Ghanaian counselor, Counselor Adofoli addressed cheating in his latest post.
The renowned relationship coach elaborated on some of the reasons why people cheat in relationships.
He titled the message, ‘WHY YOU ARE LIKELY TO CHEAT ON YOUR PARTNER’ and it reads;
“The vertebral column of every relationship is Trust. Trust is not just the foundation of a lasting relationship but the back bone. If you have issues with trust in the relationship, such relationships don’t only suffer, but is also full of pains and hurt. There is nothing more painful than to know your partner, a spouse doesn’t trust you.
It is better for your partner or spouse to trust you than love you for how good is a body without the backbone? How good is a relationship without trust? Sadly, we play with Trust in our relationship yet we don’t want to destroy the relationship. We play dangerous games that will end up hurting ourselves.
We do things that lead us to cheat on our spouse or partner and these actions are what break or damage the relationship. To some people, they try to play it smart by hiding and lying but with all that, it is just a matter of time, they will be caught up with their own shadow.
When your partner trusts you, he or she feels safe with you. They can be naked with you, fall asleep and still find a way to have a sweet dream. That is different from a partner who does not trust you. He or she lives with you in fear and uncertainty. They live in suspicion.
When your partner trusts you, he or she is willing to share with you their body, mind, ideas, plans, money, etc. When he or she doesn’t trust you, they become more selfish, they can look on and see you suffer buy deny you help.
If those in a relationship will treat Trust with care like the way they treat their vertebral column or backbone, they will have lasting and happy relationships. Those you meet who tell you they have Trust issues are those whose trust was broken in a previous relationship and have not let go the past but have used that as their identity.
One may term cheating as a mistake while others might see it as bad choice. But when we learn about the reason why one ends up cheating on their spouse, it will help us not to repeat the mistake again, or take such bad decisions again.
If you are married or in a relationship, be mindful of your conversation with the opposite sex. Be mindful how you talk with them. The frequency, duration and things you talk about.

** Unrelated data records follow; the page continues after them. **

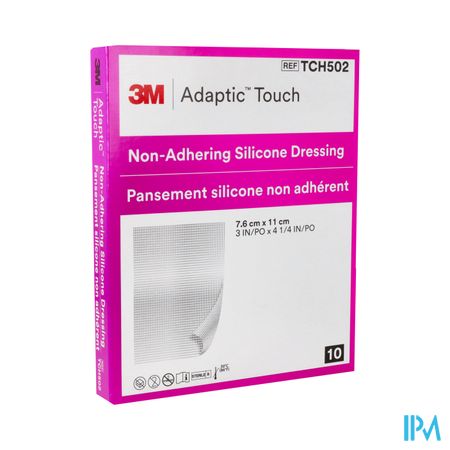 Adaptic Touch Pansement Silicone 7cm6 X 11cm 10
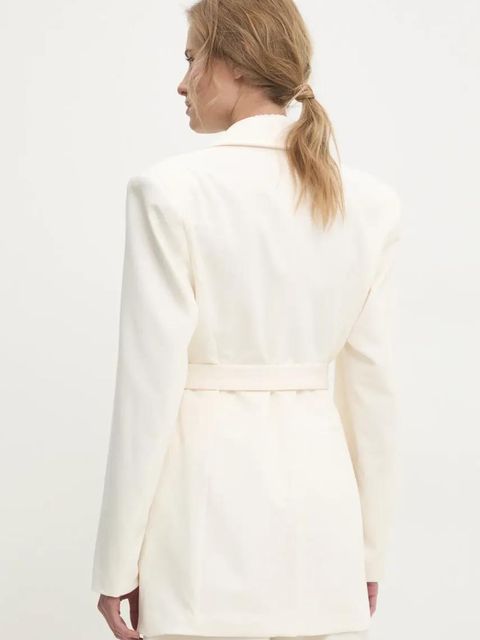 Answear.LAB marynarka kolor beżowy jednorzędowa gładka - zdjęcie produktu nr 2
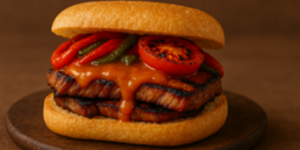 Sandwich cu sos de caise coapte la Woodfire OG850 by Andrei Buhlea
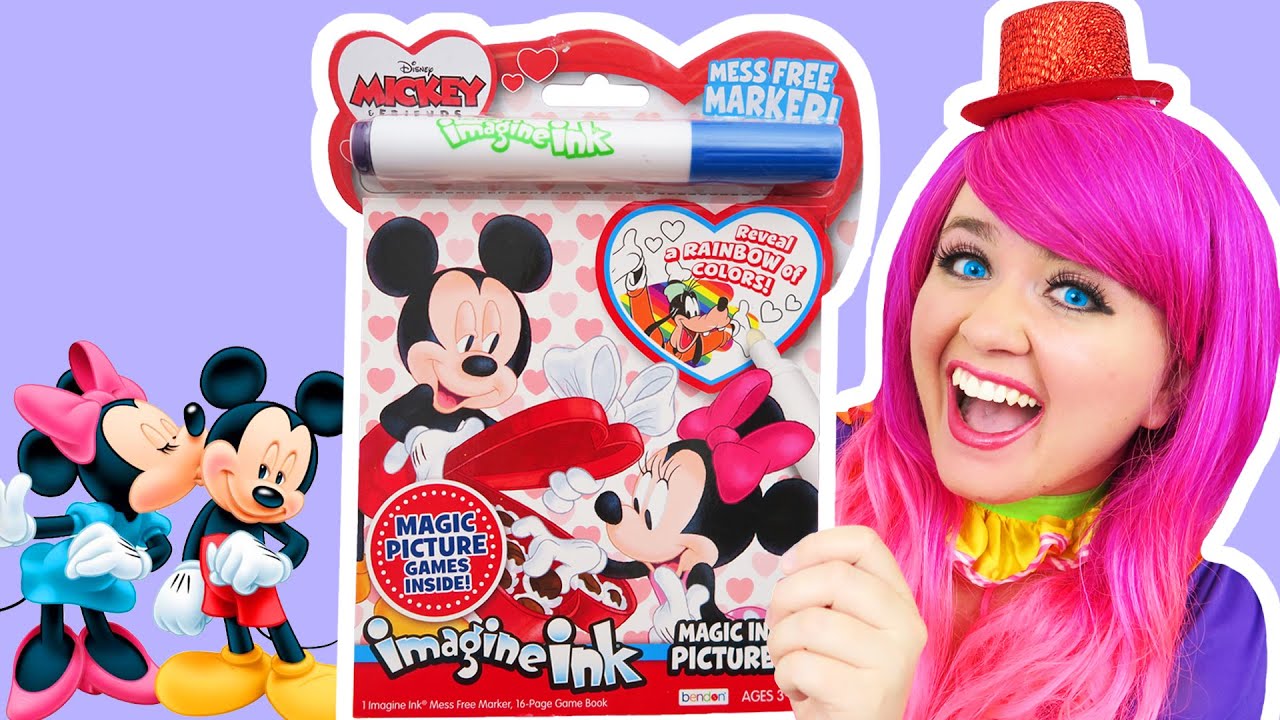 Coloring Mickey & Friends Happy New Years Disney Coloring Page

Many of our relationships start from conversations and that is how you get attached to someone or propose to someone or tell them how you feel about them.
The opposite sex has different sets of needs. A man is looking for a friendship, the woman on the other hand is looking for open communication. When men are lonely, they want a friend, someone they can talk to. Women are looking for men who talk to them about everything, pour themselves to them. That is how she gets to understand him, that is how she connects. That is the kind of person they love talking to.
No wonder women fall for men who say they are having issues with their relationship or spouse. As a man, your best friend is your spouse or partner. If you think you are losing your friend, it is time for you to seek help. Find out why that is happening and how you can get your friend back. You don’t go looking for a new friend online because your spouse is not willing to talk to you or because you are not happy with them.
Ladies, if your man is not making time to talk to you, seems too busy or hurt, etc. Seek for help on how to get them to make time for the relationship or resolve the issue. It is not the best time to look for an opposite sex to talk to. The more you talk to them, the more you build a bond between you two. Soon, you will start developing feelings for them. You look forward to your talk or chat with them.
They might be in a serious relationship or even married. A relationship they are not willing to let go. Just because you have great conversations and they seem happy with you does not mean they will choose you over their spouse. Lots of these casual chats or conversations, has messed people’s lives. You get to a point that you cannot differentiate between just a friend or stranger and your spouse. This happens because no boundaries were put in place.
If you are not ready for a relationship or not ready to cheat on your partner, keep your conversations on the surface. Besides normal pleasantries, there should not be any further questions and answers. Be it just a friend or an Ex. Protect what you have, don’t play with it.
In conclusion “Good men will be rescued from harm, but cheaters will be destroyed” – Proverbs 28:18 (TLB).”